Exploring the Appeal of Art Investment Platforms Like Masterworks and NFT Marketplaces

Traditionally, stocks and mutual funds have been the primary financial products that retail investors put significant sums of money into. But as people increasingly look to diversify their portfolios with alternative asset classes, the art market has been attracting a great deal of attention among investors in recent years. Welcome in the world of alternative investing on art investment platforms.

Financial industry insiders have begun to refer to artwork – both physical and digital, in the form of NFTs – as an alternative asset class that’s likely to balloon in value, even as the development of disruptive technologies changes how buyers do business. Judging by recent reports, individuals who are dissatisfied with the current state of their portfolio may be more likely to look into artwork than money markets or exchange-traded funds.

Art investment platforms

One study found that all forms of art investment represent $60 billion worth of total transaction volume per year, with a healthy portion of this coming from smaller investors who pool their money with others.

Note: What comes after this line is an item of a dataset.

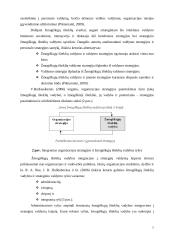 Žmogiškųjų išteklių strateginis valdymas 7 puslapis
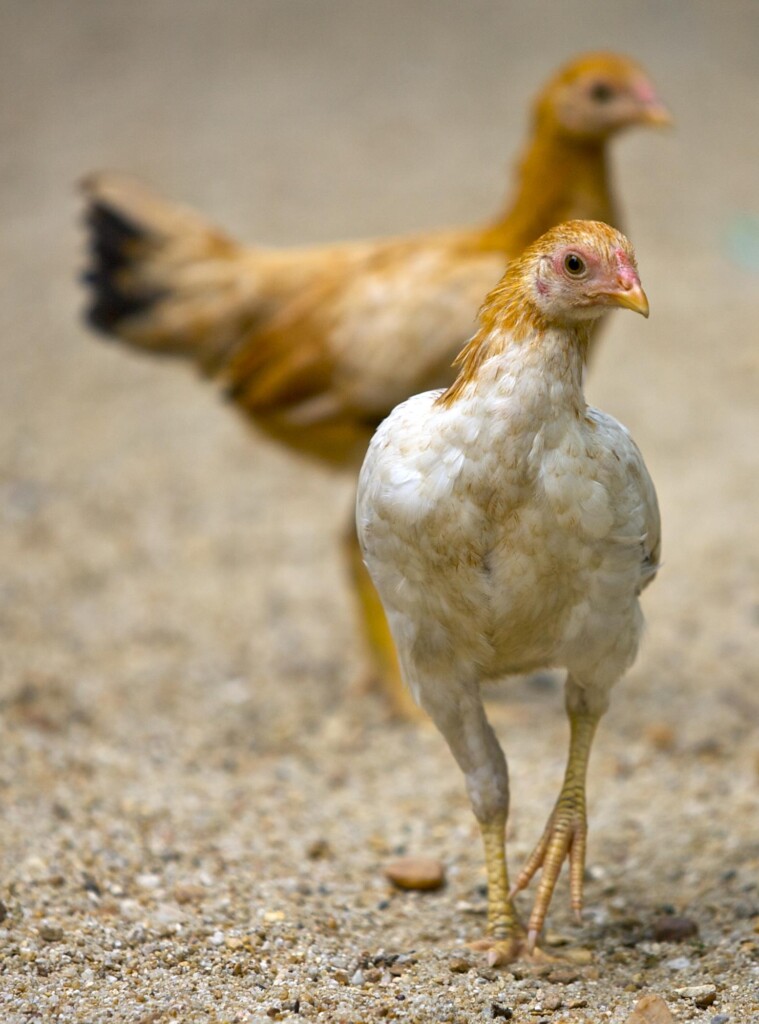 O caipira de volta à mesa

Because they are often available in series of iterations, NFT-based digital art has emerged in recent years as a major draw for art investors with smaller budgets. NFT marketplaces like BakerySwap are clearly benefiting from this trend. Meanwhile, investment platforms like Masterworks have enabled everyday investors to purchase a small portion of a multimillion-dollar painting, which they can then profit from the sale of later on.

People who in the past might have only thought of buying shares of publicly traded stocks are quickly finding they can instead buy shares in something far more tangible.

The Attractiveness of Physical Financial Assets

Gold and silver have long attracted their fair share of admirers in the financial markets, largely because they could always be used as a medium of exchange, even during a period of extreme inflationary pressure. Paintings are like precious metals in this respect, because their resale prices are highly resilient to sudden changes in market dynamics.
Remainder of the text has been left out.